Python Forum
parse/read from file seperated by dots
Thread Rating:
  • 0 Vote(s) - 0 Average
  • 1
  • 2
  • 3
  • 4
  • 5
parse/read from file seperated by dots
#1
File.txt:
...
Step.1 = Task1
Step.1.Name = My first Task
Step.1.Result = good
Step.1.Progress = finished
Step.2 = Task2
Step.2.Name = My second Task
Step.2.Result = good
Step.2.Progress = finished
Step.3
...

What is a good way to read/parse the File.txt into python and be able to access the data in a simple way?
The Keys are separated by dots.
Every data for Step.x, Step.x.x belongs together.

E.g. for loop over the entries and print all *.Name, or maybe some other way to make this structured
Reply
#2
You could parse it by using a tree of nested dicts
import io

class Node(dict):
    data = None

    def __init__(self, *args, **kwargs):
        super().__init__(*args, **kwargs)

    def __missing__(self, key):
        n = type(self)()
        self[key] = n
        return n

    def __repr__(self):
        return f'{type(self).__name__}<data={self.data!r}, {super().__repr__()}>'

def parse(file):
    root = Node()
    for line in file:
        lvalue, rest = line.split('=', maxsplit=1)
        n = root
        for word in (x.strip() for x in lvalue.split('.')):
            n = n[word]
        n.data = rest.strip()
    return root

file = io.StringIO('''\
Step.1 = Task1
Step.1.Name = My first Task
Step.1.Result = good
Step.1.Progress = finished
Step.2 = Task2
Step.2.Name = My second Task
Step.2.Result = good
Step.2.Progress = finished
''')

if __name__ == '__main__':
    root = parse(file)
    print(root)
    print(root['Step']['1']['Progress'].data)
    print(root['Step']['2'].keys())
Output:
Node<data=None, {'Step': Node<data=None, {'1': Node<data='Task1', {'Name': Node<data='My first Task', {}>, 'Result': Node<data='good', {}>, 'Progress': Node<data='finished', {}>}>, '2': Node<data='Task2', {'Name': Node<data='My second Task', {}>, 'Result': Node<data='good', {}>, 'Progress': Node<data='finished', {}>}>}>}> finished dict_keys(['Name', 'Result', 'Progress'])
Reply
#3
Thanks your very much, that was what I was looking for Smile
Now I have to learn the details you have implemented it Shy

I have tested to loop over the "Steps": Working well
    print(len(root['Step']))    
    for item in root['Step']:
        print(item + " ---> " + root['Step'][item]['Progress'].data + " ---> " + root['Step'][item]['Result'].data)
Output:
2 1 ---> finished ---> good 2 ---> finished ---> error
One question, I'm struggling to get it really from file.
You used embedded in the code:
file = io.StringIO('''\
Step.1 = Tas...
How to get it from the separate file "File.txt"?
If I use:
file = open('File.txt')
I get:
Output:
Traceback (most recent call last): File "f:\python_test\parse.py", line 30, in <module> root = parse(file) File "f:\python_test\parse.py", line 20, in parse lvalue, rest = line.split('=', maxsplit=1) ValueError: not enough values to unpack (expected 2, got 1)
Reply
#4
You are getting this error message because the file contains some lines that don't have the = sign. I assumed that all the lines had the form
Output:
spam.ham.eggs = value
You could modify the code to skip the lines that don't contain = for example.
Reply
#5
That is right, there are lines that doesn't contain = sign.
I will modify the code.

Thank you very much for the support.
Reply
#6
Here is a different approach.
The structural pattern matching requires Python 3.10.
The dataclass is a convenient way to create classes which contains data.

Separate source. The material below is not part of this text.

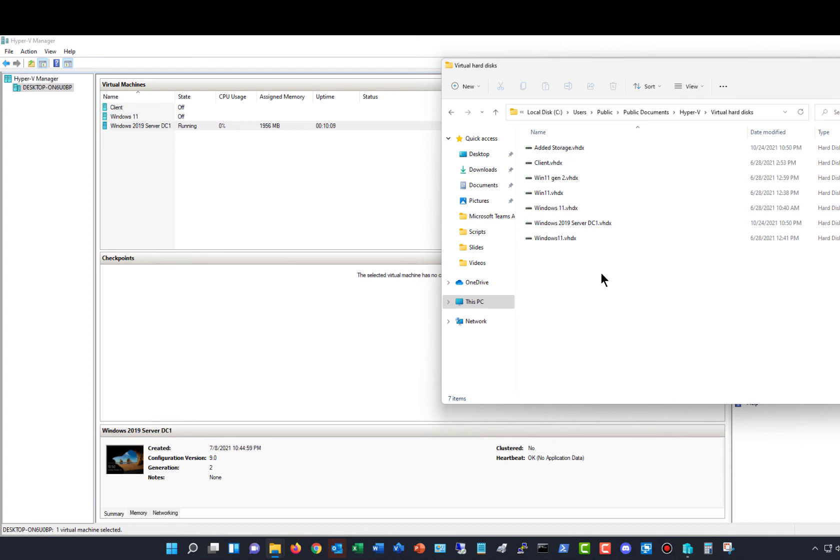So those two files have now merged into one file, which is great. So that is how we delete a checkpoint in a Windows 11 Hyper-V.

from __future__ import annotations

from collections.abc import Generator
from dataclasses import dataclass, field
from pathlib import Path
from typing import Any


@dataclass(order=True)
class Step:
    ident: str = field(compare=False)
    number: int = field(compare=True)
    name: str = field(compare=False)
    result: str = field(compare=False)
    progress: str = field(compare=False)


def parse(file: str | Path | None = None, text: str | None = None) -> Generator[Step, None, None]:
    data : dict[str, Any] = {}

    if file and text:
        raise TypeError("text and file are mutually exclusive")

    if not (file or text):
        raise TypeError("text or file must be given")

    if file:
        text = Path(file).read_text()

    if not text:
        return

    for line in text.splitlines():
        try:
            step, assignment = map(str.strip, line.split("=", maxsplit=1))
        except ValueError:
            continue

        elements = step.split(".", maxsplit=3)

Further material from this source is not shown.